Week 1 - Franklin and Martin

I leave the excerpt from Latour out of this week’s commentary (since we are reading more of this book in a later week), focusing on the articles by Sarah Franklin and Emily Martin.

Both texts give overviews of emerging work in the social studies of science up to the mid 1990s. The work they describe appears to be engaged in two tasks: first, to reveal the cultural embeddedess of scientific practices and knowledge; second, to challenge the power science accrues through boundary setting (science/nonscience; scientist/lay person) and the devaluation of nonscientific knowledge (e.g. the displacement of variolation by vaccination). To describe the terrain of cultural anthropology as applied to science, Martin uses the three images. The Citadel represents scientific claims to objectivity and value-neutrality, and the attempt to fortify science against two kinds of outside influence. First, science resists acknowledging its own enculturation. Second, such fortifications seek to protect science from outside influence, such as demands by Marfan patients that research should be more therapy oriented. With the image of rhizomes, Martin wants to emphasize the “convoluted, discontinuous linkages” between scientific research and wider cultural forms. Martin offers the image of ‘string figures’ as a model for envisaging science as a more open-ended, flexible and cooperative activity, rather than rule-bound and closed to the outside world.

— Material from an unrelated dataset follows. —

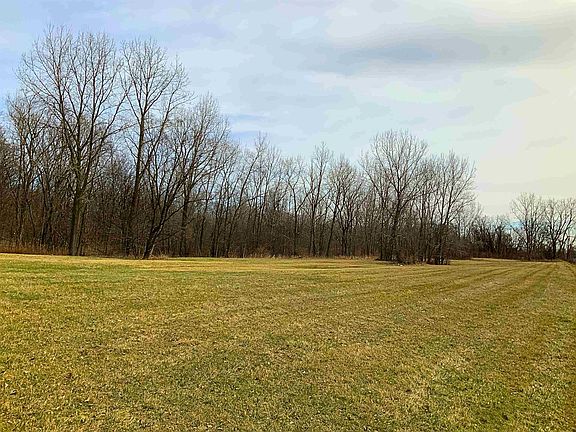 4th image of 38720-38900 Utica Rd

Both articles also refer to the controversial and skeptical, even hostile, responses that critical science studies has met with, and perhaps some of the features that critics of science studies object to are evident in the articles. Their claims about science often seem caricatured (or just inaccurate), as when Martin states that “the sciences… claim to construct reality but not to be themselves constructed”. Or her implication that a view of the body as “made up of complex nonlinear systems inseparable from their environment” is heretical within science. Which science is she referring to? Her account of “Vera Michael’s” representation of the immune system as “more like a piece of almost tides or something… the forces, you know, the ebbs and flows”, and apparent valorization of this as a kind of subversive knowledge (outside the citadel) that might reshape scientific images, made me cringe. As did her account of yuppies in Santa Cruz and Santa Fe who “quite reasonably” prefer to “engage in a lifetime of preparation, training, and nurturing of their (and their children’s) immune systems through diet, exercise, avoiding stress and cultivating healthy practices” rather than submit to the “crude bludgeoning” of vaccination. Franklin acknowledges that the “apocalyptic tone” of some science studies research, and the “oversensationalization of novelty and crisis”, has drawn criticism. Yet her use of the phrase “information highway of virtual cultural space time” to refer to the internet and gaming communities, and reflection on “technoscapes” as “new forms of reality”, is an example of this tendency.